• _Directions for this task_
Nothing outside the range is to be copied. From the entries below, reproduce exactly the lines starting at the one with "Easter Bunny Stickers, set" and ending at the one with "Elegant Decorative Dividers", without pictures.

BEGIN Raw data

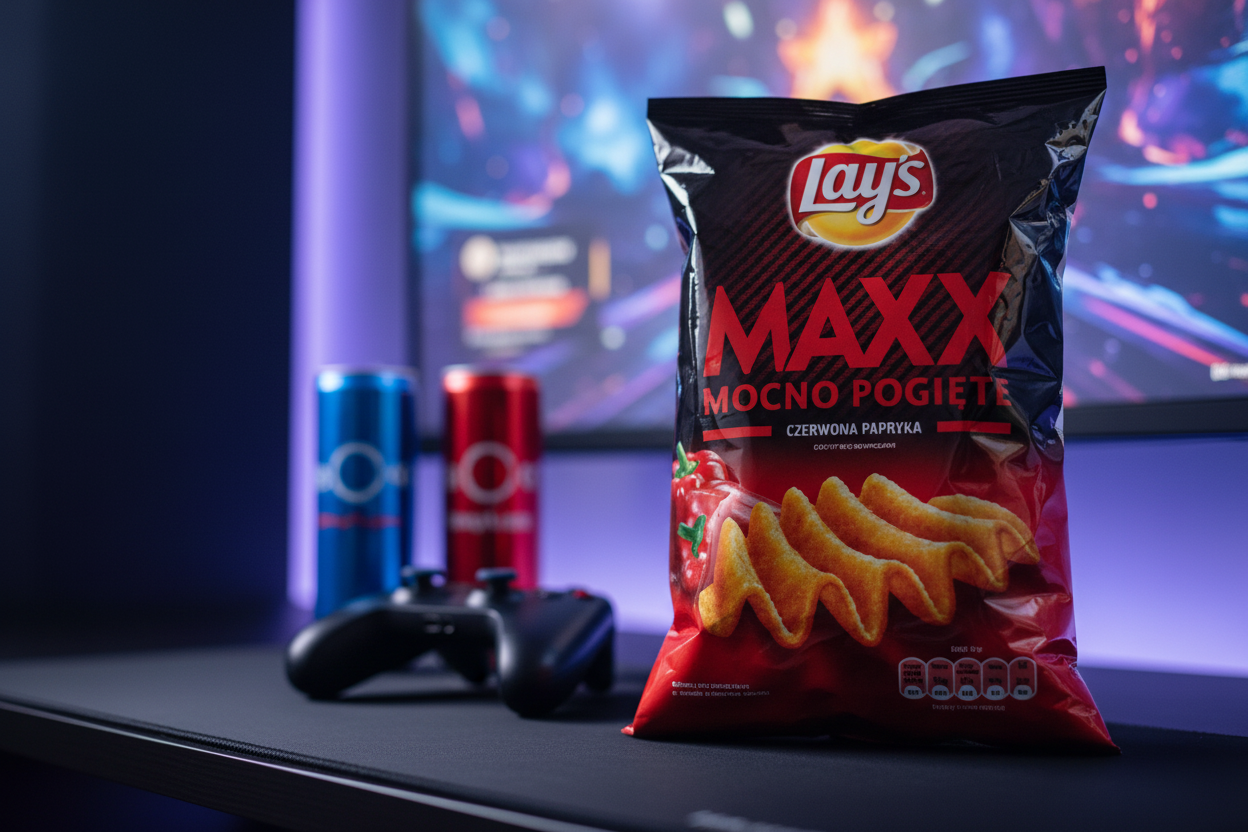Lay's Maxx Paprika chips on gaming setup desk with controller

END Raw data
BEGIN Raw data

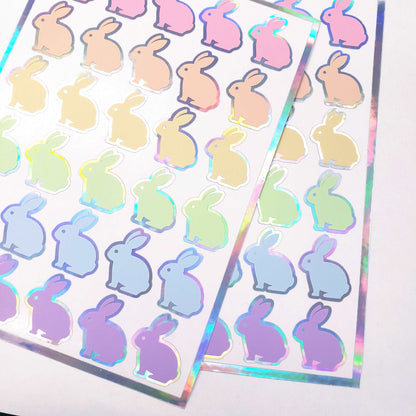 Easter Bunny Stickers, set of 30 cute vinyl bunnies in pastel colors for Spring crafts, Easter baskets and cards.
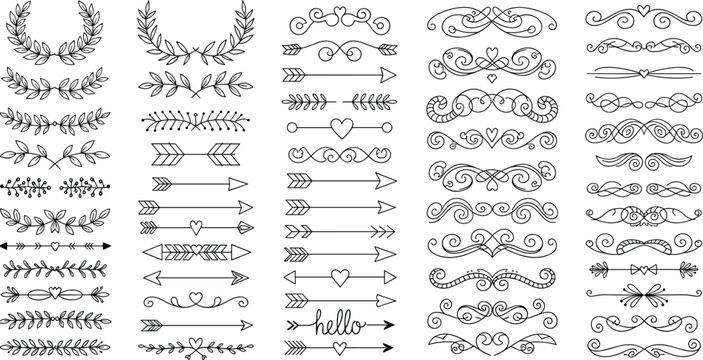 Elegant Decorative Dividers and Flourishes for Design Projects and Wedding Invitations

END Raw data

• _Exercise answer_
 Easter Bunny Stickers, set of 30 cute vinyl bunnies in pastel colors for Spring crafts, Easter baskets and cards.
 Elegant Decorative Dividers and Flourishes for Design Projects and Wedding Invitations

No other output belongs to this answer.